Next week, Roundhill Investments plans to introduce the first U.S.-based exchange-traded funds (ETFs) linked to prediction markets, with two other asset managers following suit with similar offerings.
Per a filing with the U.S. Securities and Exchange Commission (SEC), Roundhill will debut six funds focused on whether Democrats or Republicans will control key political offices: the White House, Senate, and House of Representatives. Bloomberg ETF analyst James Seyffart notes that the launch is scheduled for May 5.
The lineup includes the Roundhill Democratic President ETF (BLUP), Republican President ETF (REDP), Democratic Senate ETF (BLUS), Republican Senate ETF (REDS), Democratic House ETF (BLUH), and Republican House ETF (REDH). The Senate and House funds are linked to outcomes following the November 3, 2026 elections, while those for the presidency are set around the November 7, 2028 election.

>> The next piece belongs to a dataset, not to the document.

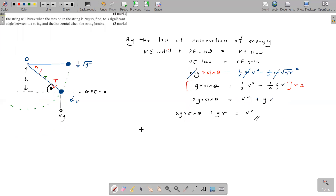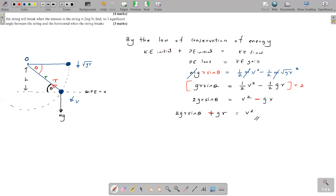Actually, correcting an error here: the sign should give v² = 2gR sinθ + gR. When that minus term moves to the other side it becomes a plus. So v² = gR + 2gR sinθ is confirmed. We have now applied the law of conservation of energy.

These funds leverage swap agreements that reference binary event contracts on CFTC-regulated markets, which settle at $1 if an outcome occurs or $0 otherwise. A prospectus emphasizes in bold letters that if a predicted party fails to secure victory, “the fund will lose substantially all of its value.”
Roundhill’s strategy involves not terminating the funds post-settlement. When market prices decisively favor one side (above $0.995 or below $0.005) for five consecutive days, the outcome is deemed final. The funds then transition to the subsequent election cycle: 2028 House and Senate elections for midterm funds, and the 2032 presidential race for BLUP and REDP.

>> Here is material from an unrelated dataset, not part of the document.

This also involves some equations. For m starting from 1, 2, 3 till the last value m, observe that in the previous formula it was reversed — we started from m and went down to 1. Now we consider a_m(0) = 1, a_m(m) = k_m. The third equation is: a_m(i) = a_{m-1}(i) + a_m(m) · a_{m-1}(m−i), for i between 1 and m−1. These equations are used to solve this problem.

The prospectus also states that if market predictions are incorrect, shareholders will have “no recourse.” Similar six-fund packages were filed by Bitwise and GraniteShares in February. While Bitwise’s PredictionShares terminate after an outcome is determined, GraniteShares and Roundhill roll into the next electoral cycle.
Political event contracts already circulate on platforms like Polymarket and Kalshi. However, packaging these as ETFs could broaden access, permitting them to be held within standard brokerage and some retirement accounts.
This development follows the Commodity Futures Trading Commission’s (CFTC) withdrawal in February of a proposal from the Biden administration that aimed to ban political event contracts. Meanwhile, state regulators in Massachusetts, New York, Nevada, among others, continue legal challenges against these contracts.
Additionally, Roundhill has sought approval for non-political prediction market ETFs focused on U.S. recessions, as highlighted by Bloomberg ETF analyst Eric Balchunas.